Special thanks to Para Bellum for providing the model in this review. If you want to get 10% off and support Goonhammer you can make your Conquest purchase by clicking here. You’ll also need to enter code “goonhammer” at checkout.
Three Weaver Courts Crann Guardians about to drop the sickest rap album of the year. Credit: Rachel/Para Bellum
These are fantastic treemen… but I have some complaints.
First, let’s talk about the positives. The lore is cool: The
Crann Guardians are not Weavers, but trees awakened and inhabited by the gestalt consciousness of dead Weavers. Spooky! This background is reflected somewhat in the models, with symbols of death like bones and animal skulls attached to their bark and distinctly-humanoid spines visible on two of the bodies. Their faces are these weird alien masks with various numbers of eyes, nostrils, and so on. Some are more suggestive of certain animals; some are much more abstract. I’m not sure what they’re based on, but I like them. They remind me of the forest spirit from Princess Mononoke.
Credit: Rachel/Para Bellum
The detail is nice and fairly crisp for a plastic kit. Things get a little mushy in places but not in a way you’d notice once painted. They take drybrushing and Contrast-style paints really well. There weren’t any bad mold lines or gaps worth filling (to me at least, I am quite lazy about these things), and assembly is easy.

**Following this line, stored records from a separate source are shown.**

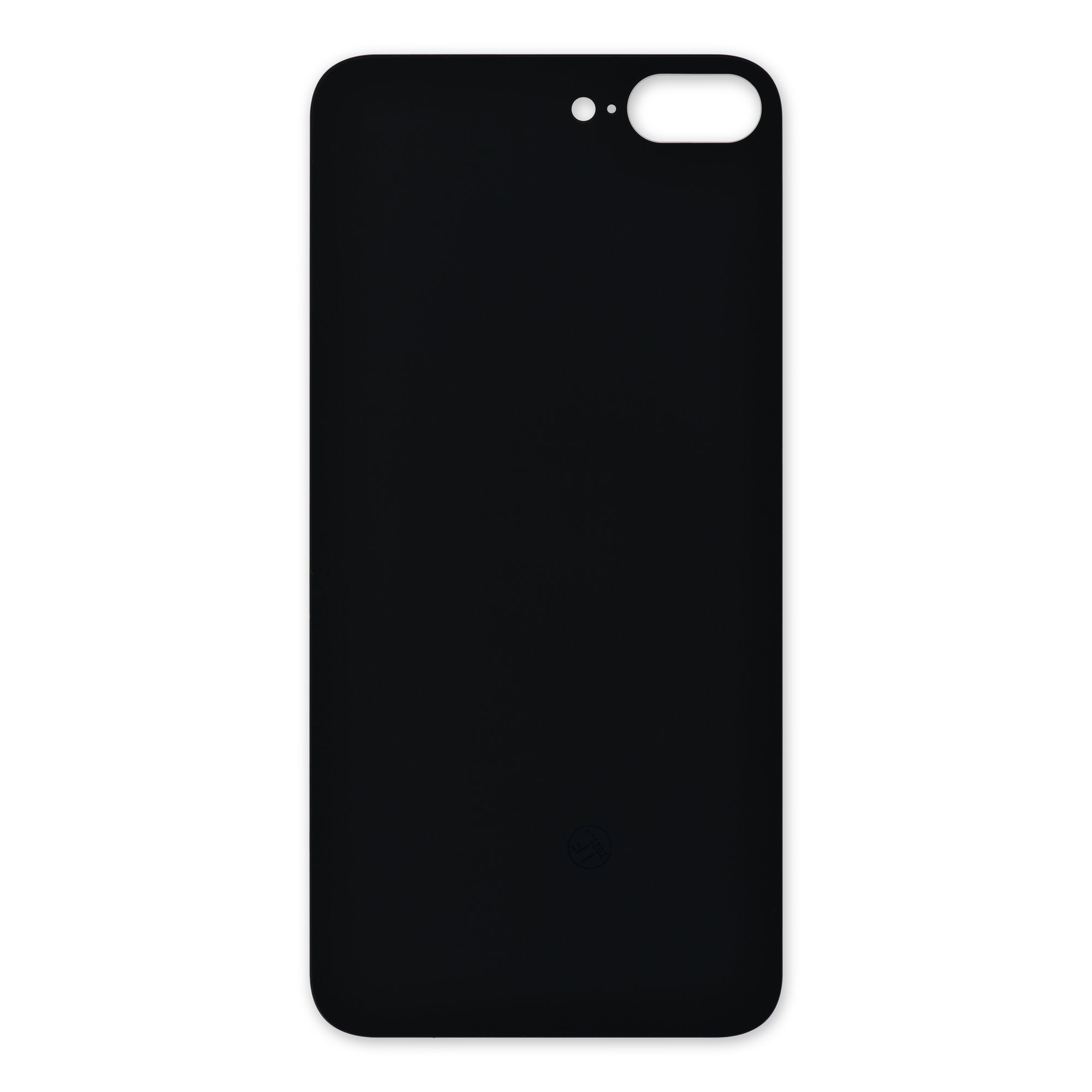 iPhone 8 Plus Aftermarket Blank Rear Glass Panel Black New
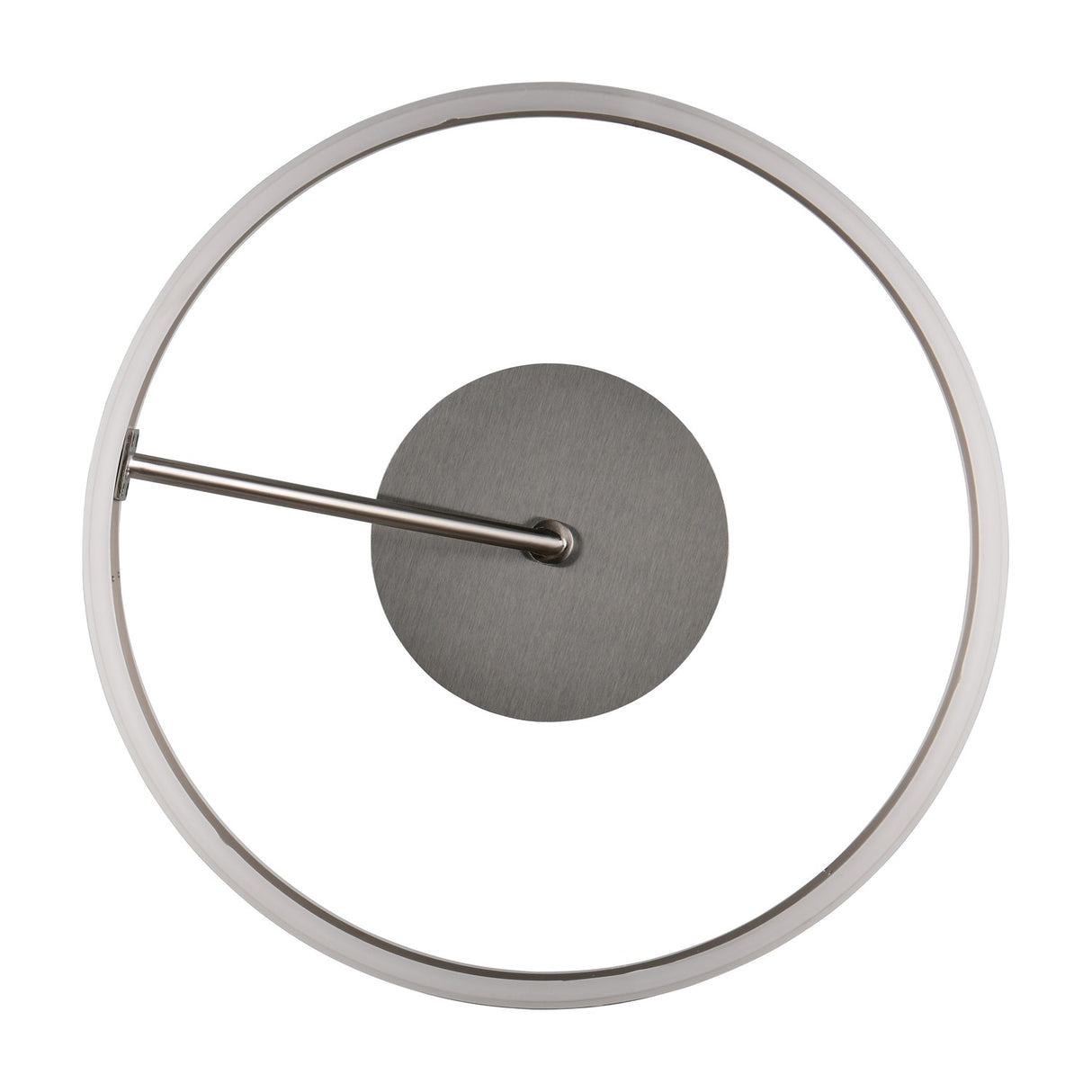 Dios LED Circular Ceiling Light – Satin Nickel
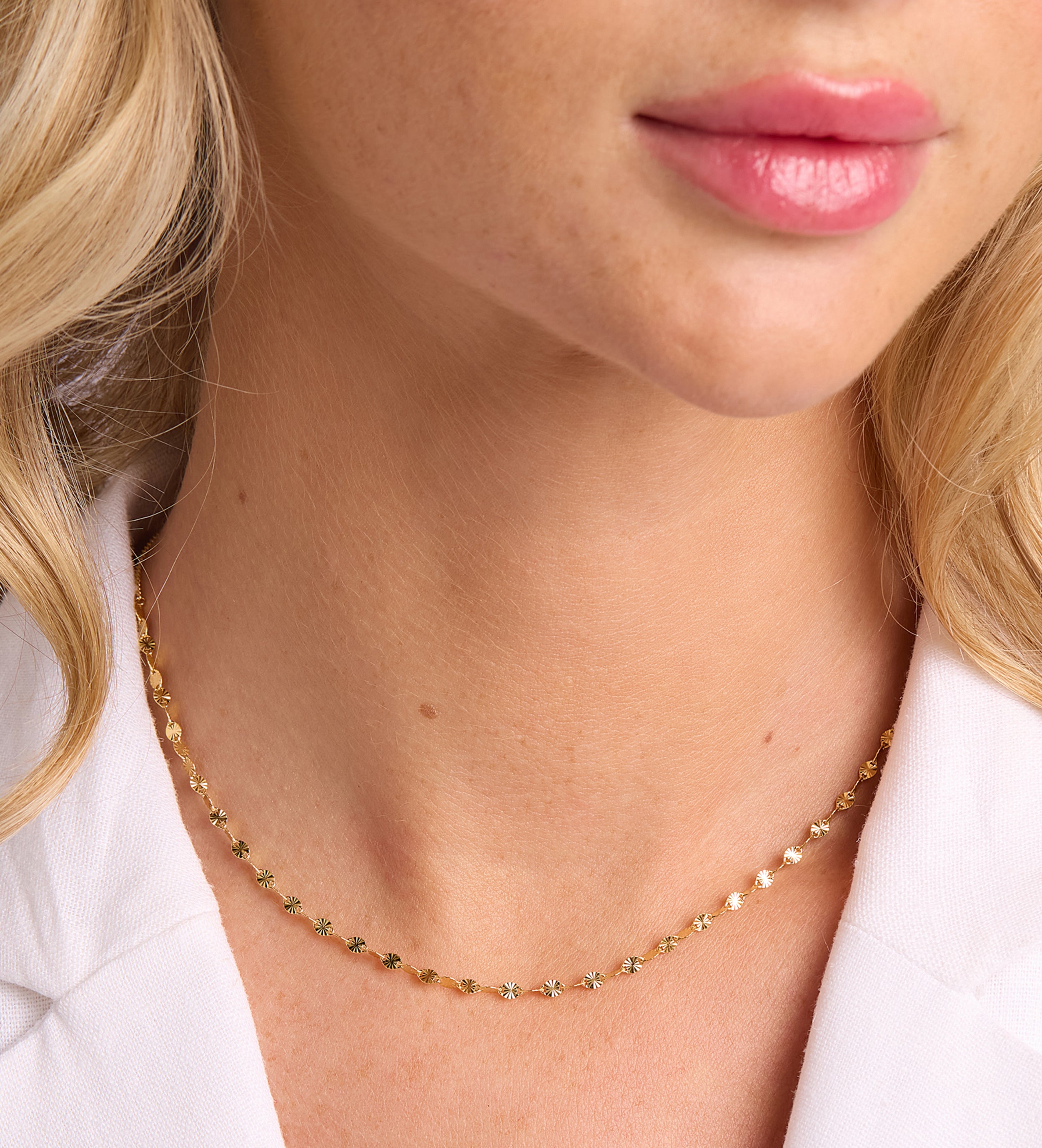 Flutter Chain Choker in 18k Gold Plating on 925 Silver - Ash & Harry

Credit: Rachel/Para Bellum
The kit consists of three separate sprues, each building one Guardian. The instructions say there are three possible poses you can make. This is not true. The bodies and legs must go a certain way, but the upper arms, forearms and faces all attach using ball-and-socket joints, so can be mixed and matched for greater variety… but here’s where I get into the negatives. Perhaps the reason the instructions say there are only three possible poses is because that’s the only way the design team could figure out how to make the models rank up on square bases.
Pain, suffering, anger. These fellows simply do not want to form a nice neat battleline! Credit: Rachel/Para Bellum
Seeking diversity, I tried to mix and match arms and faces, and changed the angle of the arms when not doing so. I don’t think this was a mistake as I like the results, and I feel like even if I
had built my guys exactly like the ones on the box I’d still have to play a puzzle every time I put them on the gaming table. They’re just so big and overhang their bases so much. I don’t understand why Para Bellum would design models that seem like a total nuisance to play with in their own game. Maybe that matters less for you, dear reader, but it does annoy me.
Credit: Rachel/Para Bellum
Anyway, apart from my (possibly idiosyncratic) pedantic quibbles, I find these models delightful. You gotta have treemen in a wood elf army, and these are great treemen that feel both traditional and new. I haven’t quite finished painting all of mine yet but I’m excited to do so. Maybe I’ll experiment with some moss effects…
Credit: Rachel/Para Bellum
Crann is Irish for tree, by the way. I’m enjoying the Gaelic names Para Bellum have committed to in the Weavers range, and as these model reviews progress we’ll be getting into some really gnarly stuff that might require pronunciation guides. I’m Scottish so I’ll say farewell for now in Gàidhlig (Scottish Gaelic), not Irish: Mar sin leat an-dràsta!